8+ years audit/risk/compliance experience in the financial services industry, a regulator, or a self-regulatory organization.
• Experience leading and conducting Technology reviews.


• Investigative skills - inquiry and analysis, interviewing, testing, risk assessment capabilities


• Ability to research and resolve issues independently while working across teams to acquire information.


• Risk Management Knowledge - strong understanding of financial industry risk and control and the ability to critique relevant language.


• Strong analytical, organizational, and problem-solving skills.


• Ability to prioritize and work effectively on multiple reviews with different individuals at the same time.


• Ability to work independently, as well, as in a team.


• Strong verbal and written communication skills


• High degree of organization and attention to detail.


• Proficiency with Microsoft Word, Excel, PowerPoint, Adobe, SharePoint, Bloomberg, and ability to quickly learn automated systems, such as trade order management systems, portfolio accounting systems, pre/post trade surveillance systems and web applications.



Skills desired
• Knowledge of global regulatory requirements like GLBA, GDPR, Part 30 Information Security, NYDFS etc. and technology control standards like NIST, FFIEC, COBIT, CIS etc.


• Certified Internal Auditor (CIA) or Certified Information Systems Auditor (CISA) or Certified in Risk and Information Systems Control (CRISC) designations are highly desirable.


• Other relevant industry certification in the Technology field (e.g. CISSP, cloud certifications, etc) are a plus.



Coverage
• Monday to Friday from 1:30 PM to 10:30 PM. Coverage is dependent on business needs so flexibility on required finish time.

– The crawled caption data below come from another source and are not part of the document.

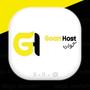 گوان goanhost.ir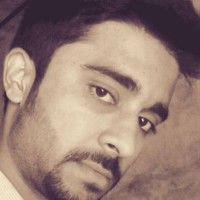 Yasir Sheikh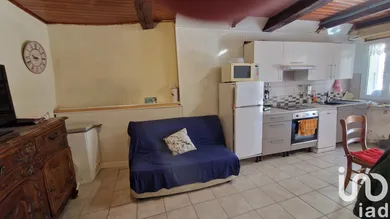 House in Valensole (04210)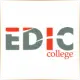 EDIC College - Affordable School Ranking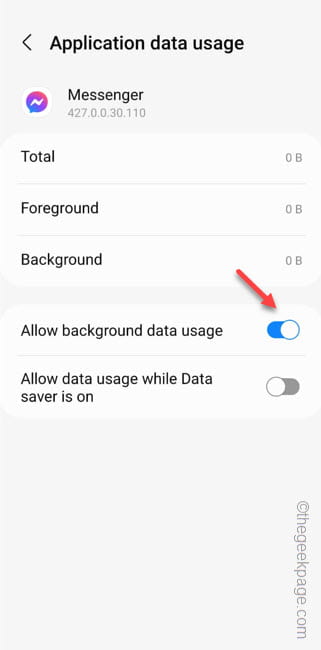 allow-background-data-usage-min-1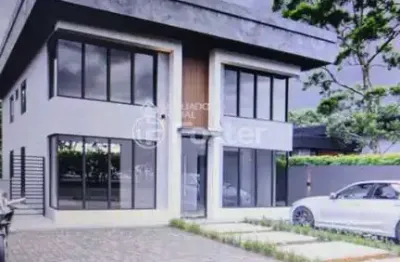 Apartamento com 2 quartos à venda na rua doroteu pereira de matos, 100, nova palhoça, palhoça, 63 m2 por r$ 370.000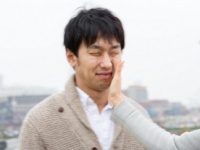 草食系とかいうレベルじゃない！　「女々しいな」と思った男性の言動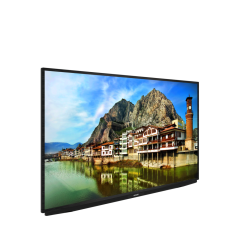 Arçelik A43K 790G HOTEL TV LED TV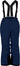 LEGO® kidswear LWPOWAI 708-590 Skihose - Makimo - Smart Kids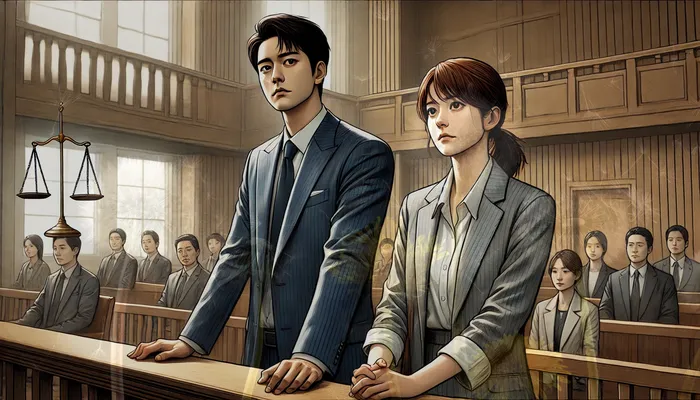 개인회생신청자격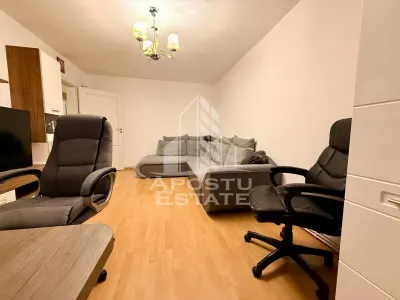 Apartament 3 camere Timișoara - poza 7
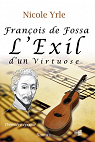 Franois de Fossa par Yrle
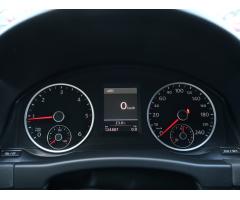 Volkswagen Tiguan 2.0 TDI 103kW - 17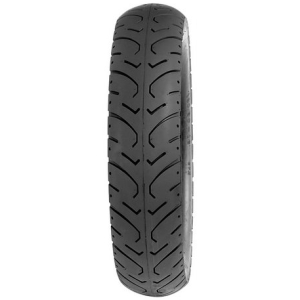 K657 Sport Challenger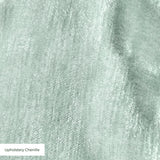  cohort1 upholsterychenille texture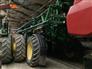 2014 John Deere R4030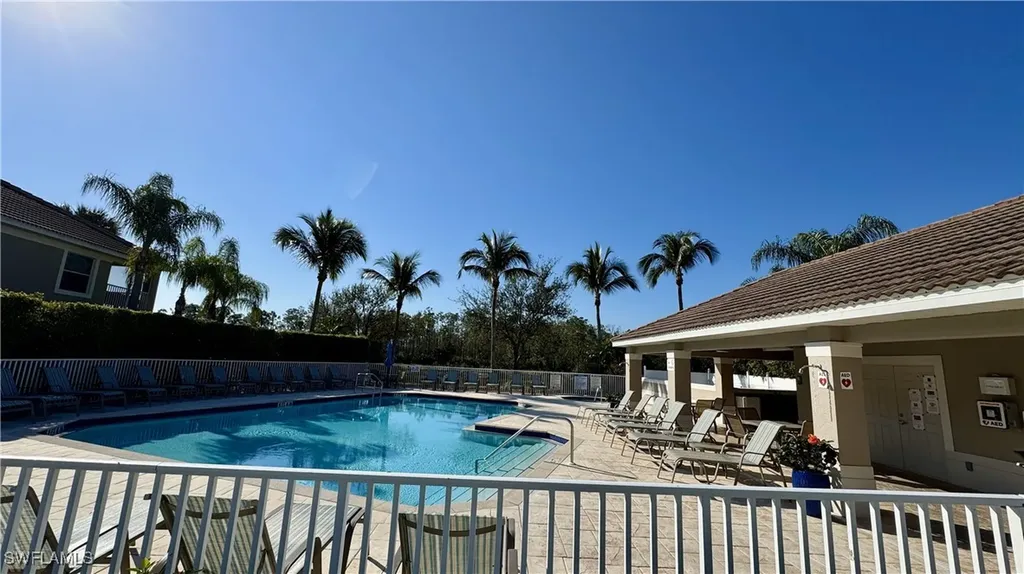 11004 Mill Creek Way Fort Myers FL 33913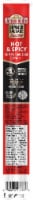 Johnsonvile Hot & Spicy Summer Sausage Stick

Morgan Stanley is an equal opportunities employer. We work to provide a supportive and inclusive environment where all individuals can maximise their full potential. Our skilled and creative workforce is comprised of individuals drawn from a broad cross section of the global communities in which we operate and who reflect a variety of backgrounds, talents, perspectives and experiences. Our strong commitment to a culture of inclusion is evident through our constant focus on recruiting, developing and advancing individuals based on their skills and talents.